El “blockbusting” (acoso inmobiliario) es, por desgracia, demasiado frecuente en España. Sucede cuando los dueños de una vivienda o edificio tratan de hacer la vida imposible a sus inquilinos, con el objetivo de que al final se cansen y la abandonen. Se suele utilizar, por ejemplo, con inquilinos de rentas antiguas (alquiler), o con aspiraciones especuladoras (vender a precio de oro, derribar y crear nuevas viviendas, etc). De los casos que se han dado en la piel de toro a mi me resultó bastante “ingeniosa” la idea de un propietario de Bilbao, que para ahuyentar a sus vecinos de piso no se le ocurrió otra que ceder su vivienda a una familia gitana… formada por 30 miembros.
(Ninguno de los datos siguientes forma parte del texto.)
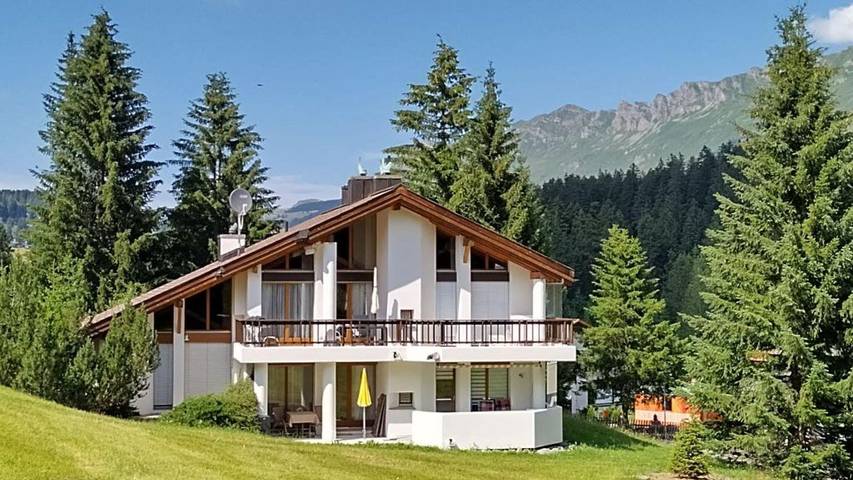 Ferienwohnung für 2 Personen, mit Balkon in der Lenzerheide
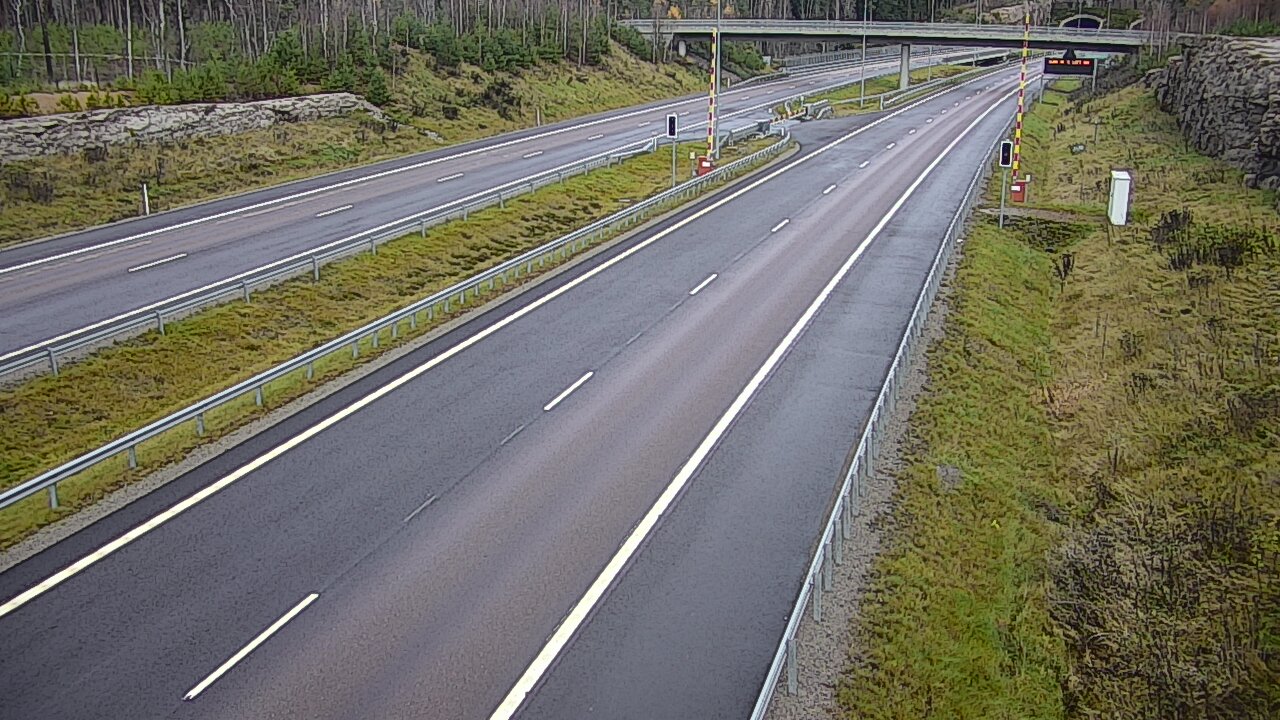 Kelikamerat Kuva Tie 7 Virolahti, Vaalimaan tunneli, puomi länsi, Virolahti, Kymenlaakso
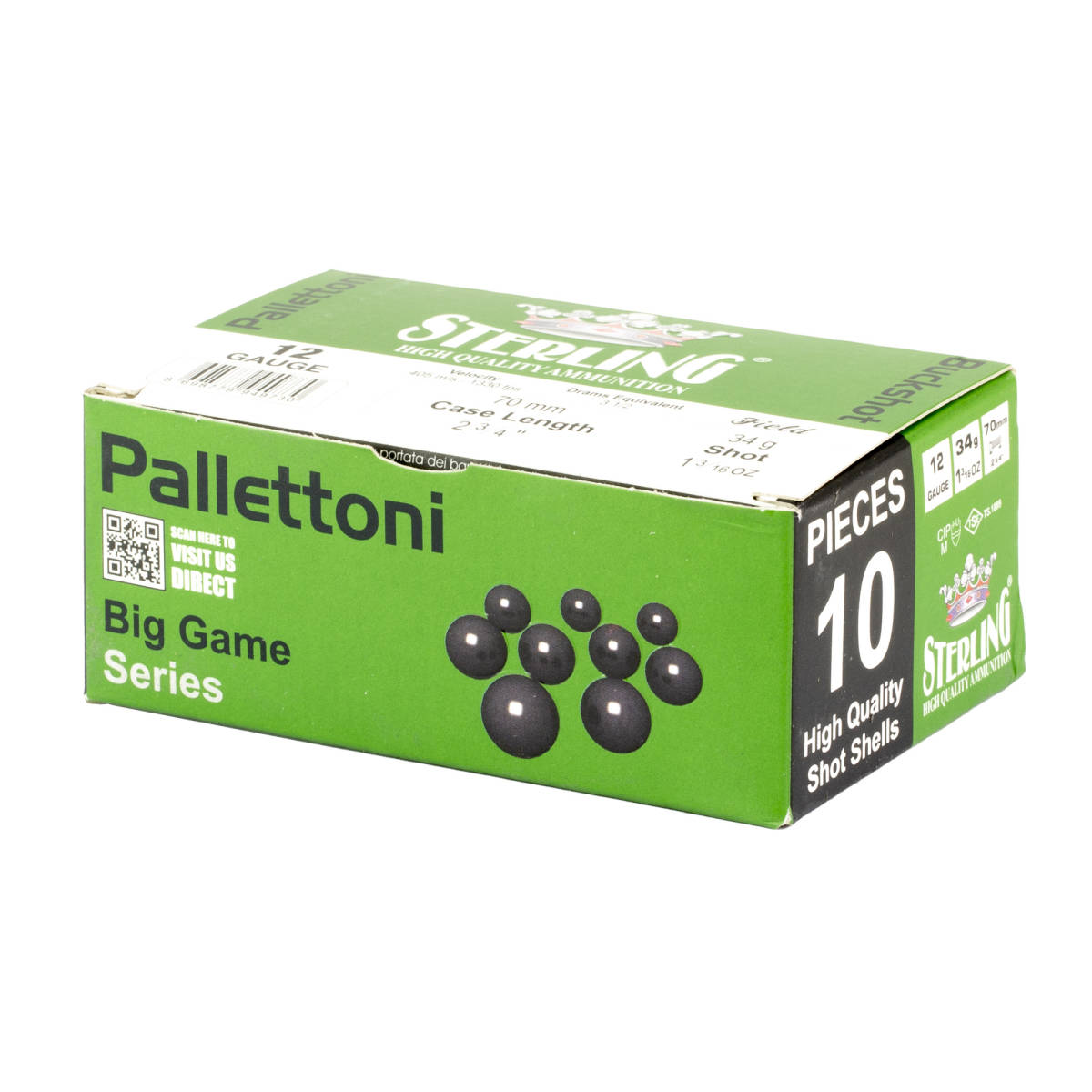 STERLING 8698779949730 12GA 2.75 OO BUCK 10/20-img-3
Mobbing Inmobiliario Extremo

Lo anterior no es nada comparado con esta pequeña historia de mobbing ocurrida en China. Promotores inmobiliarios han convertido una casa en una isla, después de que su propietario se negara a marcharse. Todo comienza cuando una inmobiliaria de la ciudad de Chongqing adquiere una serie de viviendas, que derriban con la idea de hacer en ese terreno una serie de nuevos apartamentos y un centro comercial. Pero uno de los propietarios opta por no vender, y ahora se encuentra con la sorpresa: Todo el terreno que rodea su casa ha sido excavado y lo han dejado en mitad de la nada. Eso es meter un “poquito” de presión, ¿eh?. El valiente dueño pide casi 2 millones de euros por abandonarla o, tal y como afirma, “se quedará allí hasta el fin del mundo”. Al final me veo la casa en mitad del centro comercial… ya verán.